Louis Garrel parla di “Il mio Godard” come di “una commedia accettata dall’inizio“, un gioco; proprio per questo motivo, nella rappresentazione che ad alcuni è potuta sembrare banalizzata del cinema nostrano, attraverso i personaggi di Ferreri e Bertolucci, Louis Garrel rivede invece la creazione di un “carattero” (parola sua, che si è espresso in italiano): vengono trattati come personaggi comici, il film non è un documentario su di loro, quindi vengono ripresi attraverso la distanza dell’umorismo. E, parlando dello stesso Godard, Garrel dice di aver indossato una maschera e di essersi interessato particolarmente, nell’interpretare questo ruolo, al fatto di essere nascosto dietro qualcuno in un film che non è realista ma che è solo un gioco.
Il mio Godard: un film di equilibri
Quel che è emerso dalle parole di Michel Hazanavicius su “Il mio Godard” è il fatto che è una pellicola fatta di equilibri; in primis, l’equilibrio tra distanza e vicinanza: il regista francese, rispondendo a una domanda sui suoi “meravigliosi primi piani”, dice di amare i campi lunghi perché creano distanza, e che è proprio questa distanza la giusta chiave per dare poi forza ai primi piani, in un gioco di allontanamenti e avvicinamenti che sono stati possibili soprattutto grazie al direttore della fotografia, Guillaume Schiffman (ammettendo, poi, che con attori come Luis Garrel, Stacy Martin, Bérénice Bejo è facile creare bei primi piani).

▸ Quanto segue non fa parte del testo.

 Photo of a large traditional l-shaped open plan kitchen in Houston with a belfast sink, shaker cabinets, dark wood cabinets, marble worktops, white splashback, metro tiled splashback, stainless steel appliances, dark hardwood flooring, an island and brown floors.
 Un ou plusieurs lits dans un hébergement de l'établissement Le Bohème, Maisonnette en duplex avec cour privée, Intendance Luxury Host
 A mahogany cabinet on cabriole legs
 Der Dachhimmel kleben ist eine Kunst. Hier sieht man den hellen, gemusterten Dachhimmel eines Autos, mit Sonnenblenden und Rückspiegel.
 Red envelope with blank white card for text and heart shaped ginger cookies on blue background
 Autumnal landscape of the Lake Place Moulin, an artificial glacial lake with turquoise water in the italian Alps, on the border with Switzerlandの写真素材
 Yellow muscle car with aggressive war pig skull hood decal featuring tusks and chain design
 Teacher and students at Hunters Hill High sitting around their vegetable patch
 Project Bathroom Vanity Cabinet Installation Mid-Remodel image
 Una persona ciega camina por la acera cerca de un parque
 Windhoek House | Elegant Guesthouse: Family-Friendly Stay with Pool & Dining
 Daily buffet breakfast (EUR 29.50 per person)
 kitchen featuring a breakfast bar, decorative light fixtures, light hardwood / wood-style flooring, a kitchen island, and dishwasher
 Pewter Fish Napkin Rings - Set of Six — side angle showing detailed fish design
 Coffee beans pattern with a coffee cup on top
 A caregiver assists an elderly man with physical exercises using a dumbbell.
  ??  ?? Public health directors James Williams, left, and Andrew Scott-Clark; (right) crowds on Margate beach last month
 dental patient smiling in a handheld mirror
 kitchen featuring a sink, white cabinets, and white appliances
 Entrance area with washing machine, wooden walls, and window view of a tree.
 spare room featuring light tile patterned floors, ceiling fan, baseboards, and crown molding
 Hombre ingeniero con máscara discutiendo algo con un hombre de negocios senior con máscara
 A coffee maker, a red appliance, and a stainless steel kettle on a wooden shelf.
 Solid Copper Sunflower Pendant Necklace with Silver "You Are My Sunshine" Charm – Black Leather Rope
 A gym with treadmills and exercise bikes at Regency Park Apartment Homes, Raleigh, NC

Poi, l’equilibrio più importante: Michel Hazanavicius dice di essersi preoccupato di mantenersi in bilico tra tragedia e commedia, omaggio e critica, tra un personaggio negativo e un personaggio positivo, creando un film gioioso che non fosse una caricatura. Ad ispirarlo e guidarlo in questo senso sono stati i film di Scola, Risi e Monicelli, che regalavano ritratti di esseri umani che non erano né glorificazioni né tentativi di sminuirli, ma si limitavano a mostrare l’uomo in tutta la sua complessità. A tal proposito, ha citato un proverbio ebraico secondo cui un amico è una persona che ti conosce molto bene e che ti ama nonostante questo, ed è ciò che ha cercato di fare con Godard: “La mia preoccupazione era proprio questa, di amarlo comunque”.
Infine, l’equilibrio tra realtà e finzione: tutto ciò che è stato scritto è stato inventato da Hazanavicius, che mentre stendeva la sceneggiatura si sforzava però di tenere bene a mente Godard, con il suo ritmo e il suo fraseggio, e quel che si diceva nell’epoca che ha portato sullo schermo.